Amen, Don. How much navel-gazing will James Frey cause? As Peyser pointed out, few people outside of media centers care about "what it all means," and Frey's book is still selling like crack-laced hotcakes.
But, hey, since we were there, no point in not discussing the event, right?
Surprisingly for a Court TV event, VP-Ad Sales Charlie Collier didn't get off the funniest lines. Cohen and Evans seemed to vie for the wise-guy title. At one point, Cohen, in describing his actions leading up to his Oprah appearance said, "The night before, I was watching `Scarborough."' Evans countered. "Now that's an addiction." To which Cohen replied, "Well, sometimes you can't get porn in hotels."
Cohen, remarking on reporters with political biases, said he was amazed at the number of reporters who have "no political agenda. No politics. No values. No morals. ... They're sort of primitive organisms ... all they want to do is devour facts."

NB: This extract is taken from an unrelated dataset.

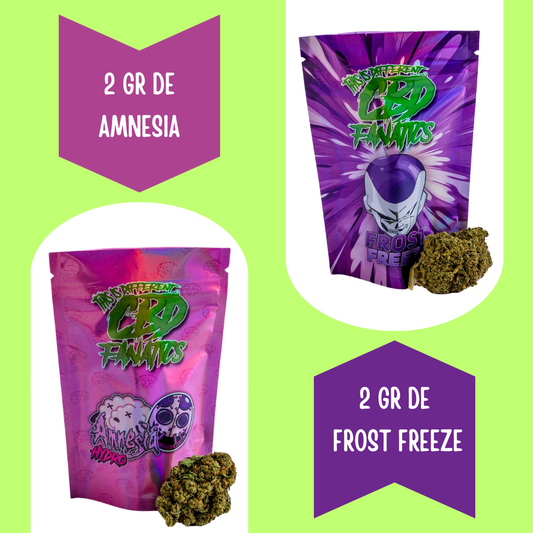 Pack Hydro Indoor CBD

And after Jim Kelly suggested that, because of fact checkers, TV, newspapers and magazines might be more accurate than books, Evans called TV "a nightly pollution" and fact checkers "an American luxury." This had Cohen wondering why the book-publishing industry couldn't "afford one guy for $40,000?"

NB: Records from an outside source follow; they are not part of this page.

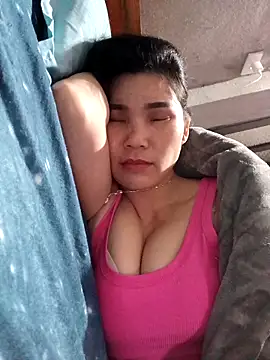 Bear bear0 online show from March 2026 11:22:02 PM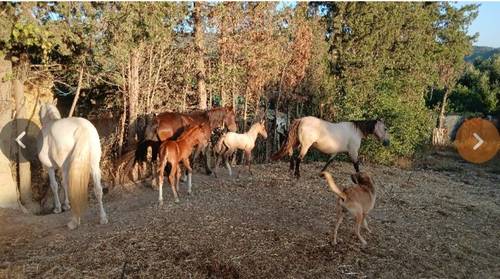 imagen 6 de Finca en San martín del tesorillo
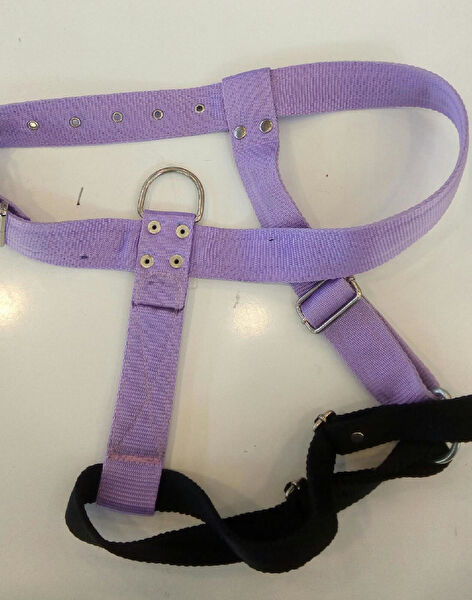 GEZER AKVARYUM PETSHOP Köpek Tasmaları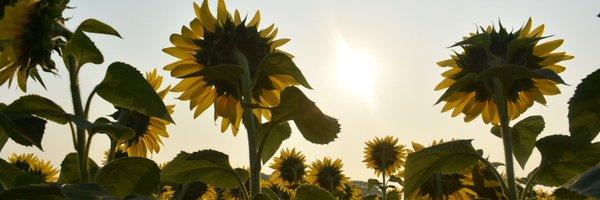 DioneSuc Profile Banner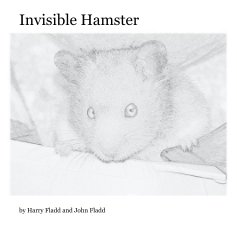 Invisible Hamster book cover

Ultimately, Cohen said, the industry's biggest problem is that it's "full of people who go to lunch and don't edit." Which made everyone in the room sort of look around nervously, clearing their throats.
Coors lacks A-list game
Pete Coors apparently has a thing or two to learn about acting like a "somebody." FHM was among the many companies throwing Super Bowl parties the week before the big game. There was no shortage of A-listers and athletes coming through the door: Stevie Wonder, Gabrielle Union, Chris Berman, top-draft prospect Reggie Bush, boxer Lennox Lewis and more current and former NFL players than you could shake a stick at.

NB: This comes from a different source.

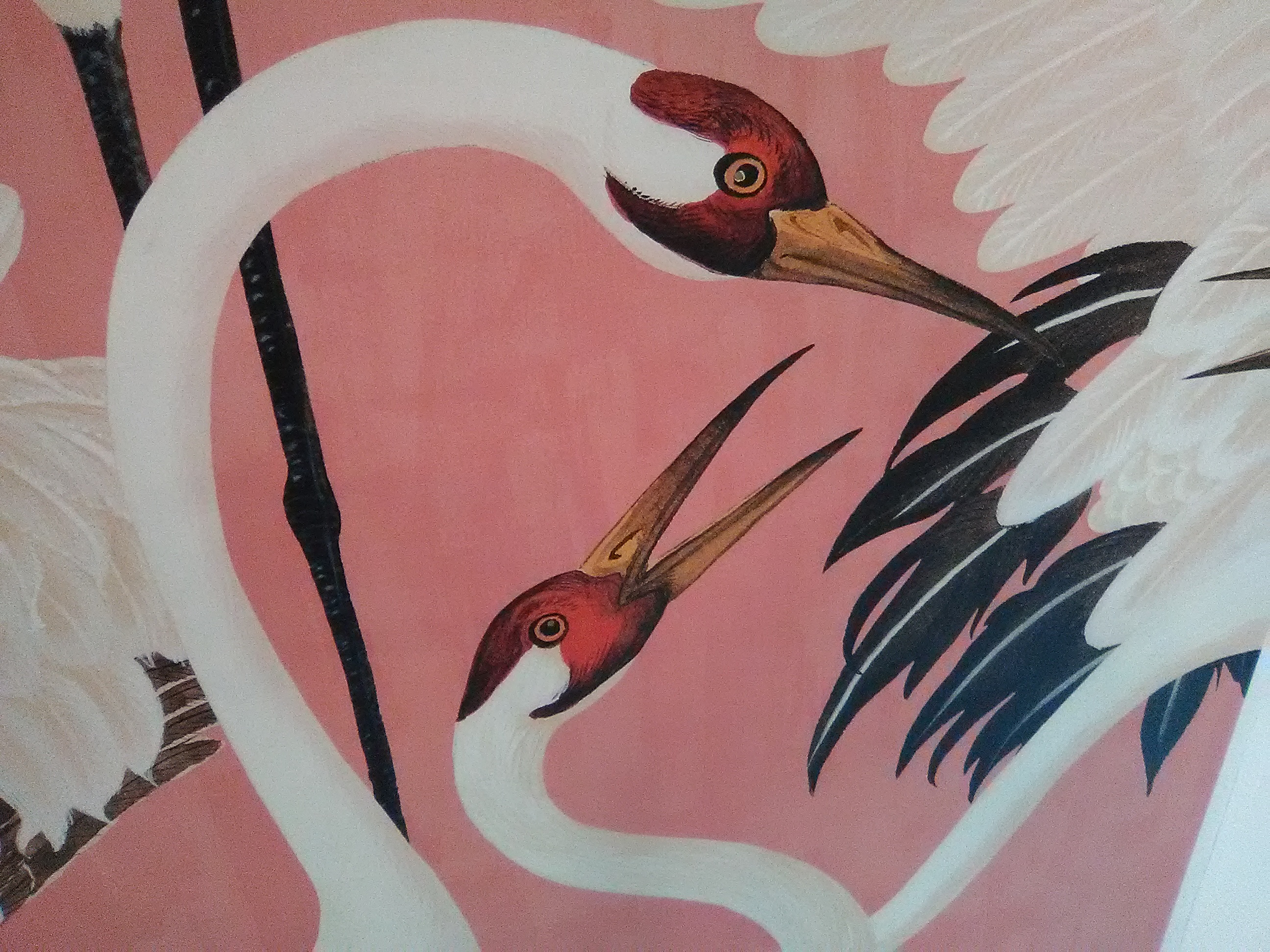 Detail Gucci Swan Wallpaper Nomer 36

And then came beer guy and politician Pete Coors (Molson was a sponsor). Coors apparently stood in line with the regular proles, waiting for his chance to get in. Luckily, someone noticed and alerted him to the fact that important people don't wait in line at celebrity get-togethers. And, when asked to pose for photos by FHM, Coors reportedly said he would be "happy" to do "whatever" was asked of him. We're pretty sure that some of the publicists working for FHM are still suffering from shock at being treated in such a manner.
Give an inch...
Well, NBC went and did it, didn't they? Perhaps they thought that addressing Don Wildmon's concerns might just make him go away. As if. Like a bully who's found a kid willing to give up his lunch money, the American Family Association is once again smacking the Peacock. The latest email blast is headlined, "NBC Does it Again! Vulgar, Tasteless, Indecent Scene Part of Network Program." But this time it isn't the gays on "Will & Grace" they're upset with, it's the strippers on "Las Vegas." Apparently, an "extremely graphic" scene was set inside a strip club, exposing millions of American children to human flesh. So what does the AFA do? It forwards the offensive scene via e-mail. "Rather than trying to describe it to you," writes Don, "I would rather you watch it yourself." And right there in the e-mail is a link to the video with the following disclaimer. "WARNING: This scene taken from the NBC program `Las Vegas' is highly offensive. Click here to watch the scene." Readers are then asked for a small donation.
As one colleague joked, "Has AFA gone from born again to porn again?" But hey, it saved us from having to watch an entire episode of `Las Vegas.' And we're glad to see that the AFA is still using e-mail and threats of boycott to make its points. Unlike some other easily offended people who shall remain nameless.